Department of Biological Sciences, Sungkyunkwan University, Suwon, 440-746, Korea.
Mol Cells. 2010 Oct;30(4):355-62. doi: 10.1007/s10059-010-0134-8. Epub 2010 Sep 10.
c-Myc is a cellular onco-protein and a transcriptional activator important for cell growth, cell division, and tumorigenesis. Despite all that is known of its function, the mechanism of how c-Myc contributes to tumorigenesis is unclear. To gain insight into the mechanism through which c-Myc protein exerts its oncogenic activity, we performed large-scale, tandem repeat affinity purification and identified the F box only protein 8 (FBX8), an F-box- and Sec7 domain-containing protein, as a novel Myc-binding protein. The c-Myc/FBX8 interaction was mediated by the c-Myc box II (MBII) region. We also confirmed that Myc protein overexpression in 293T cells affected FBX8 cellular translocation and led to recovery from FBX8-mediated inhibition of ADP-ribosylation factor 6 (ARF6) function during cell invasion. Together, these results suggest that FBX8 is a novel c-Myc binding protein and that c-Myc induces cell invasive activity through the inhibition of FBX8 effects on ARF6 function during cell invasion.
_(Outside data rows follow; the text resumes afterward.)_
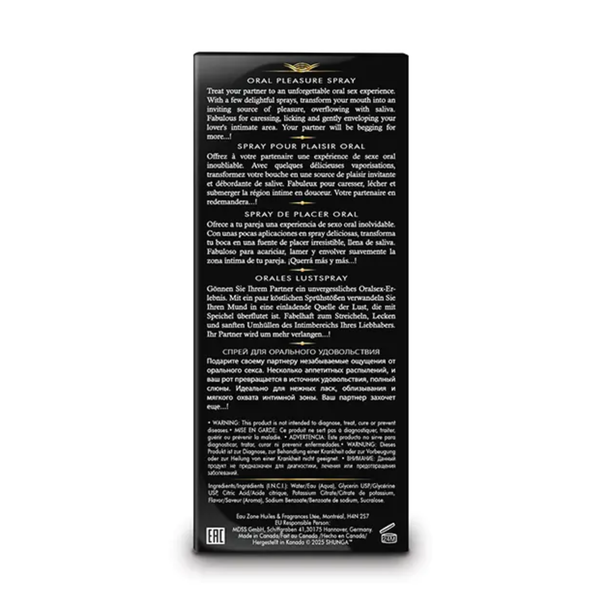 Back packaging view of the box displaying product description in multiple languages, warnings, full ingredients list, barcode, and manufacturer details.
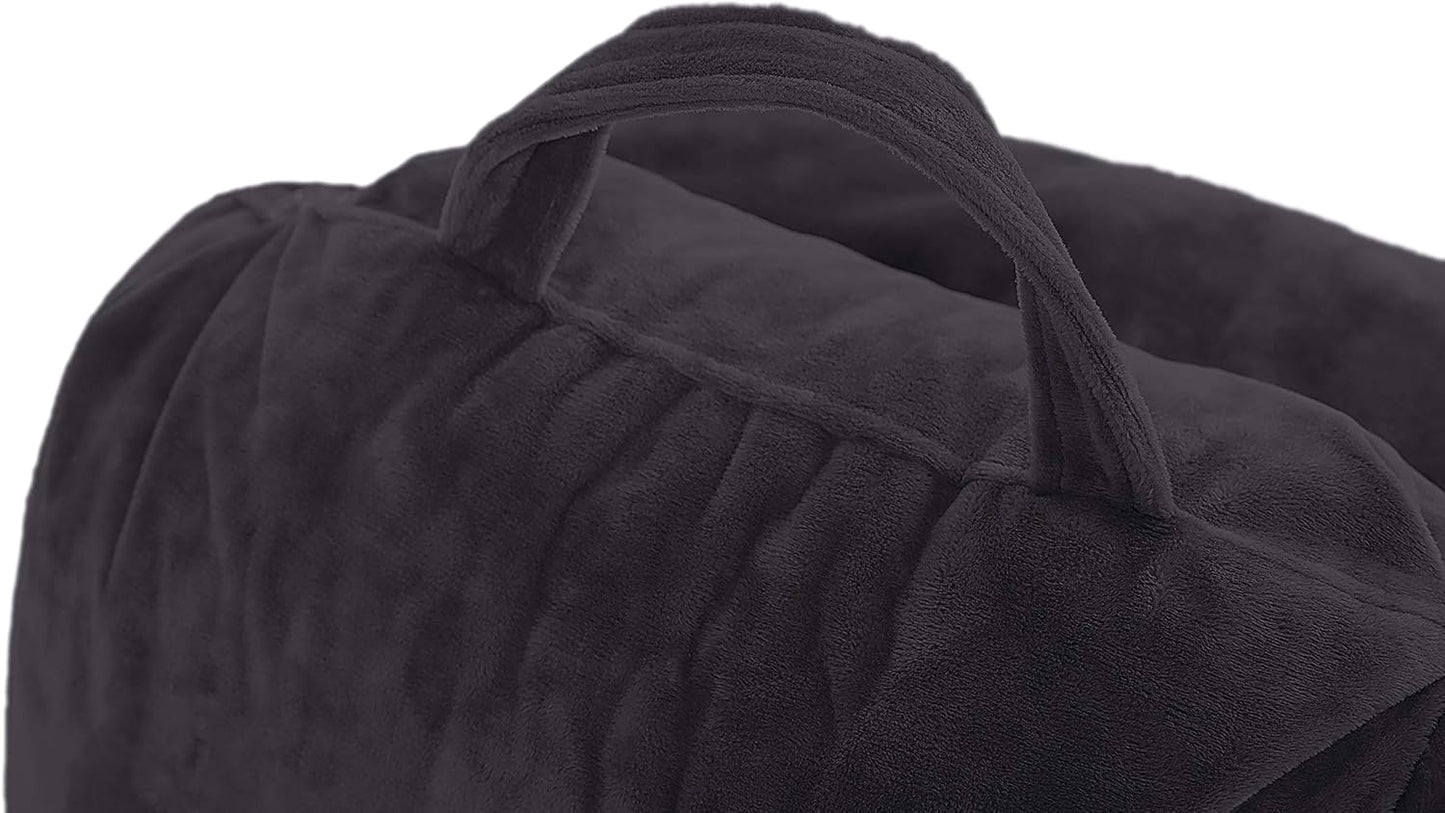 Husband Pillow Medium Reading Pillow with Arms - 23" Backrest for Sitting Up in Bed - Firm Support Bed Rest Pillow for Adults, Neck Roll, Removable Cover - TV, Reading, Lounging - Black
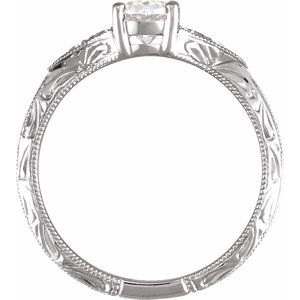 14K White Gold 8x6 mm Oval .02 CTW Diamond Hand-Engraved Hand-Applied Milgrain Accented Engagement Ring. 688909:600:P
c-Myc 是一种细胞癌蛋白,是一种转录激活因子,对细胞生长、细胞分裂和肿瘤发生很重要。尽管人们对其功能有了一定的了解,但 c-Myc 促进肿瘤发生的机制尚不清楚。为了深入了解 c-Myc 蛋白发挥致癌活性的机制,我们进行了大规模串联重复亲和纯化实验,鉴定出 F 框仅蛋白 8(FBX8)是一种新型的 Myc 结合蛋白,它是一种含有 F 框和 Sec7 结构域的蛋白质。c-Myc/FBX8 相互作用由 c-Myc 盒 II(MBII)区域介导。我们还证实,293T 细胞中 Myc 蛋白的过表达影响了 FBX8 的细胞易位,并导致在细胞侵袭过程中,FBX8 介导的 ARF6 功能抑制恢复。总之,这些结果表明 FBX8 是一种新型的 c-Myc 结合蛋白,c-Myc 通过抑制 FBX8 在细胞侵袭过程中对 ARF6 功能的影响,诱导细胞侵袭活性。